1 Past GPU Memory Limits with Unified Memory On Pascal
Betty Dorrington edited this page 2025-11-12 02:33:29 +08:00
This file contains ambiguous Unicode characters

This file contains Unicode characters that might be confused with other characters. If you think that this is intentional, you can safely ignore this warning. Use the Escape button to reveal them.


Fashionable computer architectures have a hierarchy of recollections of varying measurement and performance. GPU architectures are approaching a terabyte per second memory bandwidth that, coupled with high-throughput computational cores, creates a great device for knowledge-intensive duties. Nonetheless, everybody knows that fast memory is costly. Trendy functions striving to solve bigger and Memory Wave Workshop bigger issues can be restricted by GPU memory capability. Because the capability of GPU memory is considerably lower than system memory, it creates a barrier for builders accustomed to programming just one memory area. With the legacy GPU programming model there isn't a straightforward approach to "just run" your utility when youre oversubscribing GPU memory. Even if your dataset is just barely larger than the out there capability, you'd still have to handle the active working set in GPU memory. Unified Memory Wave Workshop is a way more intelligent memory administration system that simplifies GPU development by offering a single memory area instantly accessible by all GPUs and CPUs in the system, with automatic web page migration for knowledge locality.

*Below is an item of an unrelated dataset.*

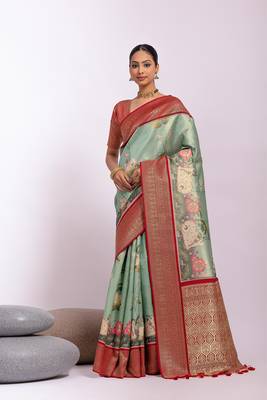  Sea Green Classic Weaving Kanjivaram Silk Saree With Unstiched  Blouse 1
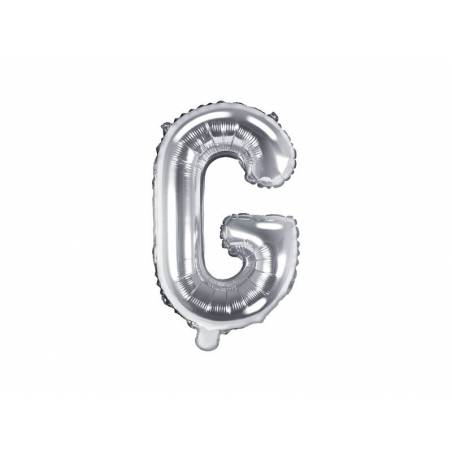 Ballon en aluminium lettre G 35cm argent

Migration of pages permits the accessing processor to benefit from L2 caching and the decrease latency of local memory. Furthermore, migrating pages to GPU memory ensures GPU kernels reap the benefits of the very excessive bandwidth of GPU memory (e.g. 720 GB/s on a Tesla P100). And web page migration is all utterly invisible to the developer: the system routinely manages all knowledge motion for you. Sounds great, right? With the Pascal GPU structure Unified Memory is even more highly effective, due to Pascals bigger digital memory address area and Page Migration Engine, enabling true digital memory demand paging. Its additionally worth noting that manually managing memory motion is error-prone, which impacts productiveness and delays the day when you possibly can finally run your whole code on the GPU to see these great speedups that others are bragging about. Builders can spend hours debugging their codes due to memory coherency issues. Unified memory brings huge benefits for developer productivity. On this publish I will present you ways Pascal can enable applications to run out-of-the-field with bigger memory footprints and obtain great baseline performance.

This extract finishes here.